As a CS graduate student, the theoretical sections of the field are quite mind-bending and very profound in a way. I thnink often times people underestimate what deep insights questions in computer science can give back to the world. Thank you for showing such a nice summary of one of them!

I might take a crack at this on a chalkboard while I'm working my janitor job at MIT

This video is good, but a few small details to add. 1. Solving P vs NP doesn't mean all encryption breaks overnight. RSA encryption could be broken if a polynomial algorithm is found for an np complete problem, but only if the polynomial isn't too big. Even polynomial algorithms can be unusable in practice. This is all assuming an explicit constructive proof P = NP is found. Non constructive proofs will not help solve any of the real world problems, and if it is shown P is not equal to NP, nothing will change. Even if an algorithm to break RSA is found, we can build other encryption methods using NP Hard problems like Travelling Salesman Problem (shortest path version). 2. The Travelling Salesman Problem (TSP) is NP hard in it's usual statement. It is only NP complete if you ask the question "is it possible to find a path that is shorter than a given length". If you ask the problem of finding the shortest path, this is not verifiable in polynomial time.

Turing was brilliant and saved untold lives in WWII with his encryption work. How they treated him was horrible.

So glad to see Shannon mentioned. He is massively underrated, he basically is the father of modern computers (let alone Communication and Information Theory)

Im a teacher and I have to applaud your video style. It's excellent from an educational perspective with very sharp and clear visualisations and superb pace. Bravo.

His last question "Will we be able to understand the solution?" is the most profound question of all. It reminds me of the computer "Deep Thought" in "The Hitchiker's Guide to the Galaxy" which spent generations trying to solve the problem of "Life the Universe and Everything". After many hundreds of years it came up with the answer.....42. But what does THAT mean ????

This was excellent! Scott Aaronson praised it highly for accuracy but did state that it would have been improved by addressing the difference between Turing machines and circuits (i.e., between uniform and non-uniform computation), and where the rough identities “polynomial = efficient” and “exponential = inefficient” hold or fail to hold.

Its mind boggling how many consistently great videos Quanta Magazine puts out frequently. Thank you for this gift to the world.

Clearest explanation I’ve seen. Maybe it could’ve been paced slightly slower at points but nothing a manual pause and rewind won’t fix.

Phenomenal visuals and amazingly concise definition. Simply beautiful.

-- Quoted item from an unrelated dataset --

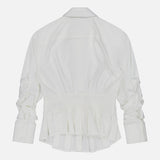 The Edle Gathered Corset Button Down Top by ALICE + OLIVIA is an off-white long-sleeve blouse, featuring gathered sleeves, a wide structured waist inspired by corset detailing, and a ruffled hem. The top is displayed flat against a light gray background, shown from the back.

Best video I’ve seen in a long time. Honestly. Great, on the point presentation of distinct very important, fundamental concepts of our time

One of the best explanations of P, NP. I recalled my Theory of Computation, Information Security lectures and found it really fascinating. The insights are really cool and best explained. Thank you so much !!!

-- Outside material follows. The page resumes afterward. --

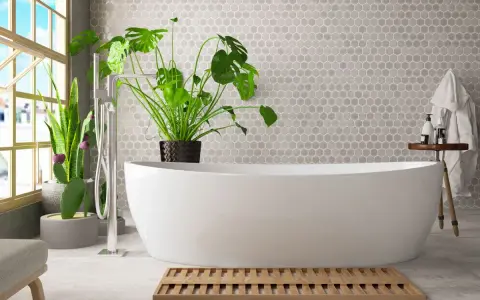 Un bagno umido cosa fare? Una vasca bianca, piante verdi e un tappetino in legno.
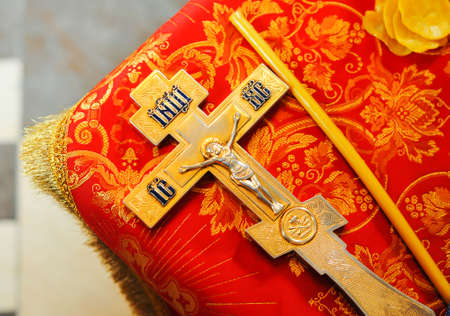 Gold metal Orthodox cross and candle on red cloth. Details in the Orthodox Christian Churchの写真素材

Did NOT expect a Boolean logic primer in a P versus NP video. 🎉

What a well constructed video. I appreciate how it went from basic Computer Science knowledge and gradually introduced higher level Computer Science topics in a simply put way.

the quality of these videos is so incredible

This is an amazing video, I'm really impressed by the quality of the animations and explanations. Thank you for putting the time in to make this!

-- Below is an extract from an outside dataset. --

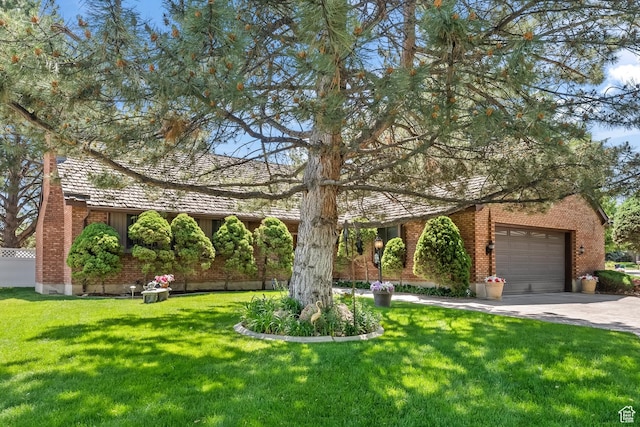 view of front facade featuring brick siding, a front lawn, an attached garage, and driveway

Thanks for this, when I took computer science classes at UTD, this was glossed over in a slide, and given maybe two sentences in the textbook.

This video greatly overblows the real-world significance of P vs. NP. The question is a very theoretical one and, although it would be unintuitive to learn that P = NP, it is by no means a given that a proof of P = NP would leap down from the ivory tower and cause any direct or "overnight" effect at all on the internet, AI applications, business, cryptography, etc. For people other than academics to care, we would need to see new algorithms that are actually greatly more efficient on real-world problems than current real-world approaches are, but no such algorithm is necessarily provided by a proof in this area regardless of its conclusion.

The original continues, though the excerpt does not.